Dr. Campbell’s newest book “Whole: Rethinking Nutrition” has been added to my “must read” list for the winter. There is also a documentary that came out this past summer – trailer here – which I am really interested in watching. I’m hoping it will be part of a nutrition based film series that I help coordinate each year in my community.
I’m still working on bushels of apples from my apple picking travels (here). So I thought I’d use some to create healthy snacks for the week – starting with simple dried apple rings and apple-ginger spiced snack bites.
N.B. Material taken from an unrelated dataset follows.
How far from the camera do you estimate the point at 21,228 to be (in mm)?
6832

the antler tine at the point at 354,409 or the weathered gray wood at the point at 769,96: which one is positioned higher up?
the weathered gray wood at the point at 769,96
Homemade dried apples are easy and pack 10x the flavor as store-bought.
- 4 medium apples cored and sliced into thin rings. 1/4" thick slices will produce a crispier dried apple, 1/2" thick will produce a dried apple with a little more substance and chewiness.
- 1/4 teaspoon ground cinnamon
- 1/8 teaspoon ground ginger
- 1/8 teaspoon ground cardamom
- Pinch of ground cloves
Heat oven to 200 F.
Wash, core and slice apples.
In a large bowl, gently toss apples and spices.
Lay each individual ring/piece flat on a rimmed, parchment lined baking sheet.
Baking time will vary depending on thickness and how crisp you want your apple rings.
Take a wooden spoon and use it as a wedge to prop the oven door slightly ajar during the drying process. This allows the moisture to escape the oven.
A general timeline would be 1.5 - 2 hours, flipping the apples halfway through and rotating the cookie sheets. 2 hours will give you crisp apple rings that are more like apple chips.
Apple and Ginger in a healthy snack bite
- 1.5 cups rolled oats lightly toasted
- ½ cup almond butter
- ¼ cup honey
- 1 1/4 cups dried apple finely chopped (recipe above)
- ¼ teaspoon cinnamon
- ¼ teaspoon ground ginger
- ⅛ teaspoon ground cloves
- ⅛ teaspoon ground cardamom
- 10 small pieces candied ginger finely diced
- 12 whole raw almonds to top (optional)
Place oats on a rimmed baking sheet and toast at 350 F for 10 min until just lightly browned. (If you're short on time, you can skip toasting the oats. I like them to have a little crunchy texture.)
In a large bowl, mix together all ingredients except whole almonds. Mix throughly.
Scoop out about a tablespoon and then roll between your palms to create the balls. It's helpful to wet the palms of your hand a little bit before rolling to prevent sticking. I wet them a few times during the process.
Place one whole almond on its side on top of each ball. It is helpful to add a little dot of honey on top of the ball to hold the almond in place.
Store in an air tight container or gallon-size bag in the refrigerator or freezer.
adapted from a recipe found @ fitfoodiefinds.com
Get the recipe for my
peanut butter energy bites here.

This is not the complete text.